With everything they require and more, deer not only won't leave but they will do the same thing every day. They will travel the same runways, enter the plot the same place and largely ignore other neighboring crops.


This field has been in corn and soybeans every year for a decade or more yet deer walk right through it, they are so acclimated to finding everything they need in plot beyond.






You see it's not about brassicas or rye it's about habitat, utilizing every square inch of property to maximize your property for whitetails. Obviously hunting a deer that does exactly the same thing every day is easier than one that is forced to change constantly. Hunting whitetails that bed close to feed because they feel safe in thick cover rather then a half mile away in open timber, they will be under your stand before dark.


When deer walk through standing corn to get to the rye, brassicas and clover they come to depend on they are easier to kill.

Brassicas are just one tool in our habitat plan, while very important they alone are not the answer.




Bucks will travel during the rut when feed of any kind is of little interest to them. They will however check both feeding and bedding areas in search of and they will hit the rye and brassicas hard when the rut end's.



Brassicas yields are beyond what most whitetail managers can achieve growing other crops and far less expensive to grow. Even brassicas can be wiped out if planted alone and alone they can't feed deer year around so those that plant only brassicas or any other single crop will have a tough time holding big whitetails. Neighboring landowners will of course appreciate mismanagement that sends bucks roaming for food and cover.
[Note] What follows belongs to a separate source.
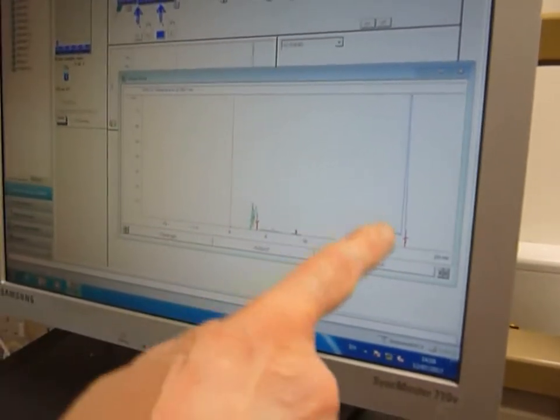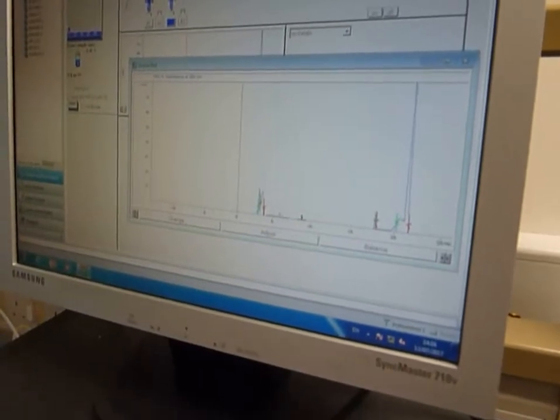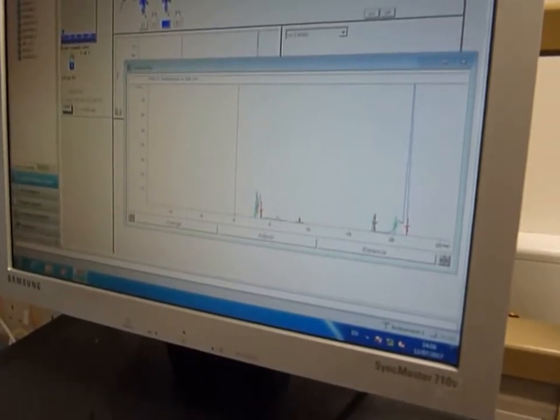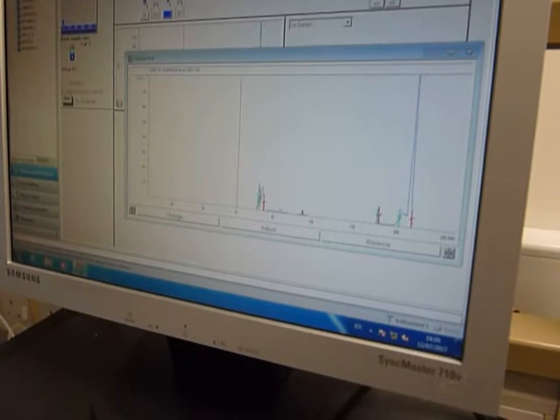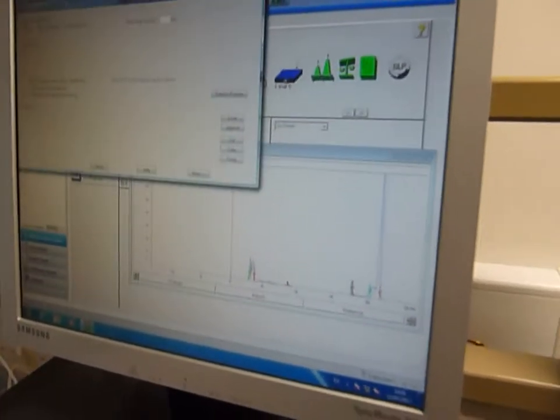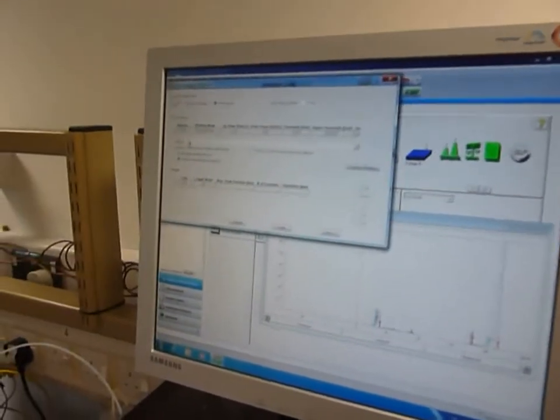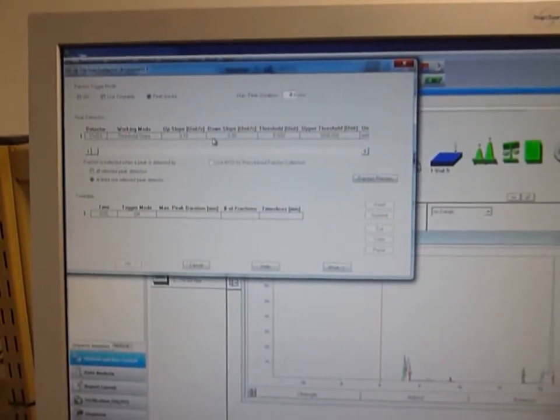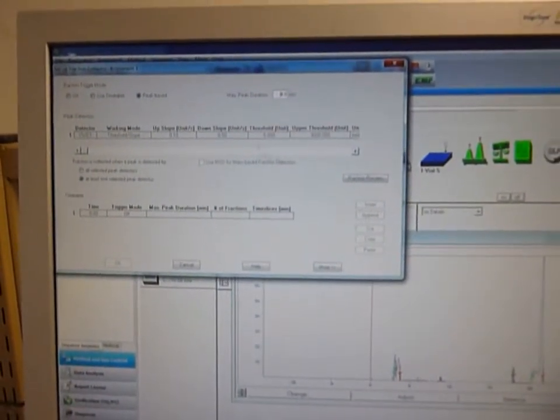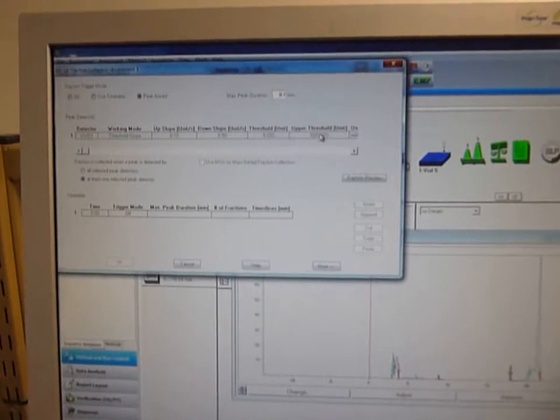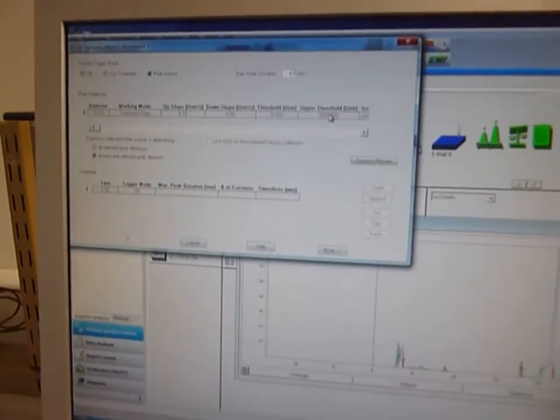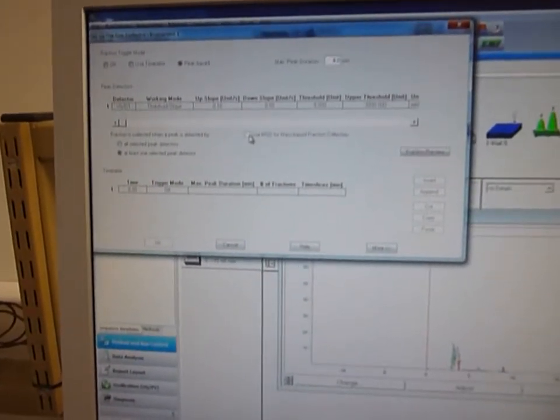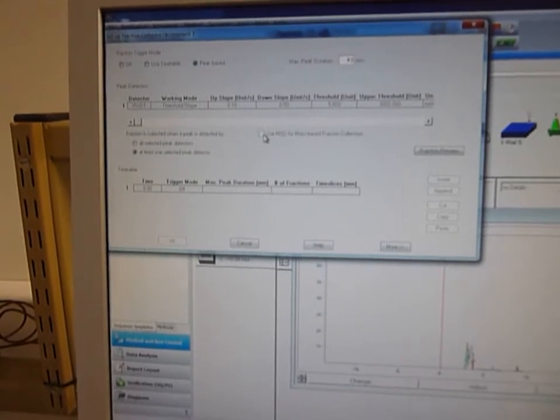And you'll see here, this is how you set up the fraction collector. I've got it based on a variable wavelength detector, the upslope and the downslope, that's what determines the threshold when it starts collecting and the maximum level that it will collect up to. You can also link it up to a LC-MSD detector as well.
Dbltree seed mix and rotation

Plant ALL in one plot in strips or blocks


Alice, Kopu II, Durana (or comparable) white clover 10% of plot, sow at 6#'s per acre with the rye combination in the fall or in the spring with oats and berseem clover. Correct Ph and P&K with soil tests


Brassicas in 45% of plot


Purple Top Turnips 3#

Dwarf Essex Rape 2#

GroundHog Forage radish 5#


Plant in mid to late July in most Midwest states, or 60-90 days before your first killing frost, Use 200#'s of 46-0-0 urea and 400#'s of 6-28-28 per acre. Follow the dead brassicas with oats and berseem or crimson clover in mid spring at 60#'s oats and 12-15#'s berseem clover and/or crimson and/or 50#'s of chickling vetch)


Cereal Grain combo in 45% of plot...we use 50# each rye, oats and peas along with radish and clover seed all planted in half of each feeding area


Winter rye 50-80#'s per acre (56#'s = a bushel)

Spring oats 50-120#'s per acre (32#'s = a bushel)

Frostmaster Winter Peas or 4010/6040 Forage peas 20-80#'s per acre


Red Clover 8-12#'s per acre or white clover at 6#'s per acre (or 20-40 pounds hairy vetch and 20-30#'s crimson clover on sandy soils)

Groundhog Forage Radish 5#'s per acre


Plant in late August to early September, if following well fertilized brassicas use 100 - 200#'s of urea, if starting a new plot add 400#'s of 6-28-28 but for best results soil test and add only what is necessary.